【年代別】老後資金の準備について教えてください
老後の長い時間は多くの人に訪れますが、若ければ若いほど現実感が湧かないことも事実。自分の両親や祖父母を身近に見て貯蓄の必要性を感じている人もいれば、遠方にいるために自分の未来と重ねることができず、いつか考えればいいと先延ばしにする人もいるなど、個人差もあります。
しかし、老後の備えは早く始めたほうが圧倒的に楽です。年代別の老後資金の準備についてご紹介します。
老後の生活にゆとりを感じている人はどのくらいいる?
老後を笑顔で暮らすためには、お金の備えの問題を避けて通るわけにはいかないものですね。中には、お金がなくて困っていながら、なかなか人には話せないという状況に陥っている高齢者もいます。日常生活では高齢者の経済的な現実を実感できる機会がないかもしれませんが、意識的に情報を得ようとしてみると、厳しい実態を知ることができます。
それでは、早速、内閣府が全国の60歳以上3,000人に調査した「平成28年高齢者の経済・生活環境に関する調査結果(概要版)」を参考に高齢者の暮らし向きの実態を見てみましょう。
【経済的な暮らし向き】
- ゆとりがあり全く心配ない:15%
- あまりゆとりがないがそれほど心配ない:49.6%
- ゆとりがなく多少心配:26.8%
- 苦しく非常に心配:8%
- その他0.6%
自分はどちらになるだろうかと考えてみよう
経済的な暮らし向きについて、全く心配ない、それほど心配ないと答えた人の割合は64.6%。ゆとりがあり全く心配ないと回答している人は、わずか15%です。

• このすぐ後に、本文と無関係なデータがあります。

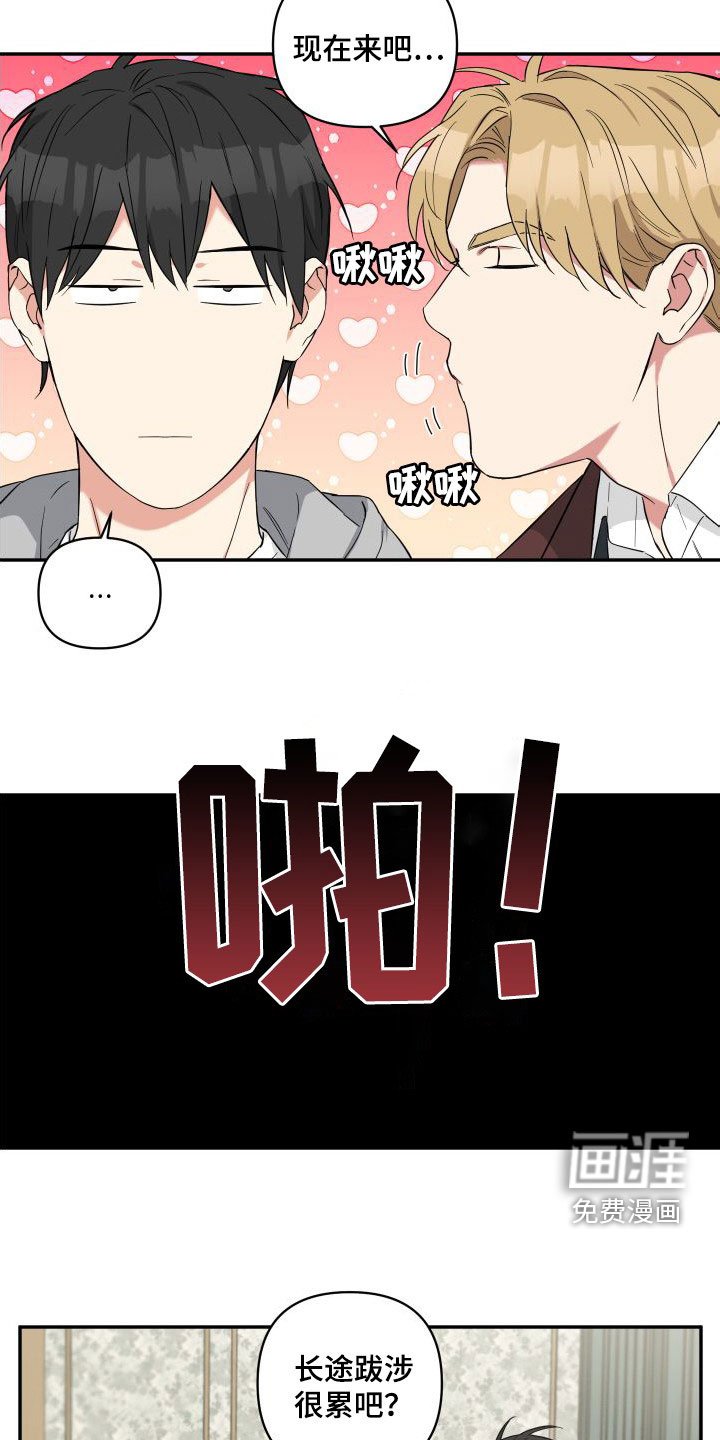 第16章：见面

一方、ゆとりがなく多少心配、非常に心配と答えた人の割合は34.8%。将来、このどちら側に自分が入るのか、それは、現役時代の働き方だけでなく貯蓄の努力によっても左右されます。
数字で見るだけでは具体的な生活イメージと結びつかない人もいるかもしれませんが、ゆとりがないために心配な気持ちを毎日、毎月、何年も持ち続ける生活はつらいもの。楽観的な考え方を持つようにするなど、心の持ちようでも日々を楽しく生きるための工夫は可能ですが、お金がなくて友人や親戚に会う回数を減らす、外出の回数を減らすなどの判断をしなければならない生活は避けたいですよね。

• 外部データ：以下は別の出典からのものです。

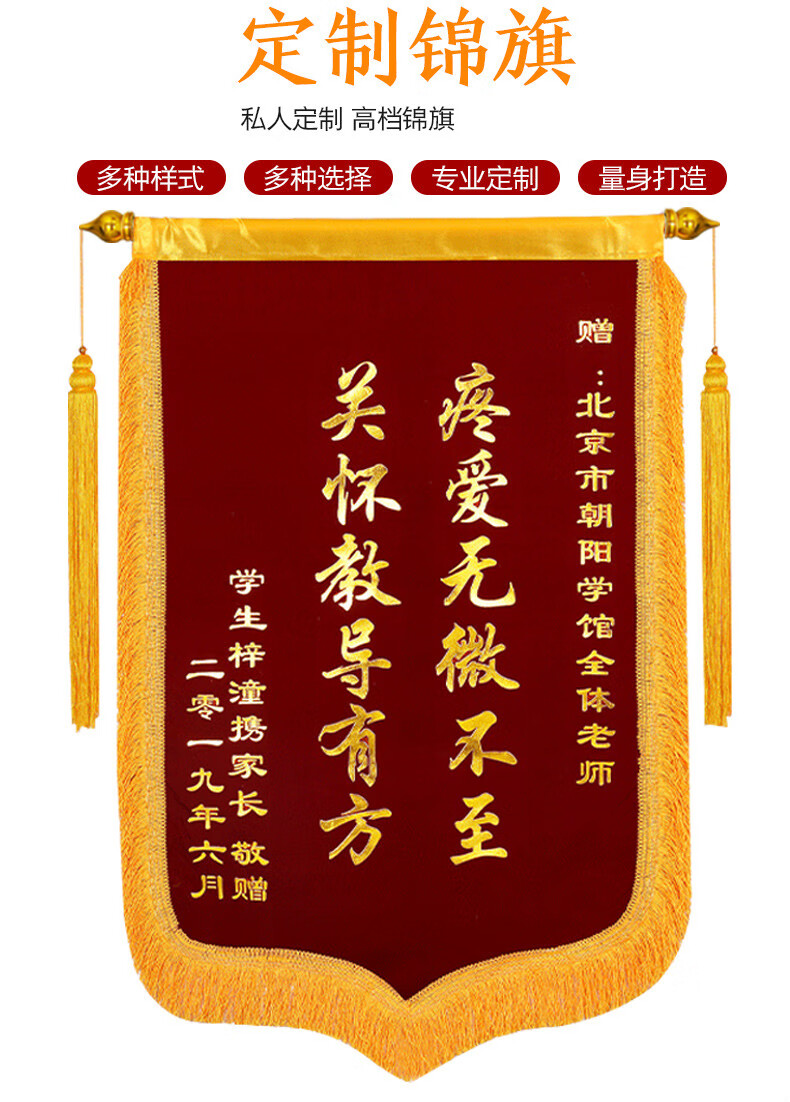 锦旗定做 医生感谢老师锦旗定制定做生日搞笑幼儿园学校空白个性创意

極端な例と感じられるかもしれませんが、老後破産という言葉を聞いたことのある人もいるでしょう。現役時代に比較的恵まれた生活をしていた人でも、老後になって、いきなり破産という事実に直面する人もいるのです。おひとりさまの場合、そんなリスクに直面したときに1人で悩みを抱えなければならなくなるかもしれません。そんな不安を少しでも感じるのであれば、やはり、ある程度の老後のための備えを、なるべく早くからしておくことをおすすめします。
老後の収入はどのくらい?
貯蓄が必要とはいっても、老後には年金を始めとした収入もあります。そのため、収入と比較した生活費の不足分を備えておけばOKです。老後の収入につき、先ほどご紹介した内閣府の調査による金額を下記に示します。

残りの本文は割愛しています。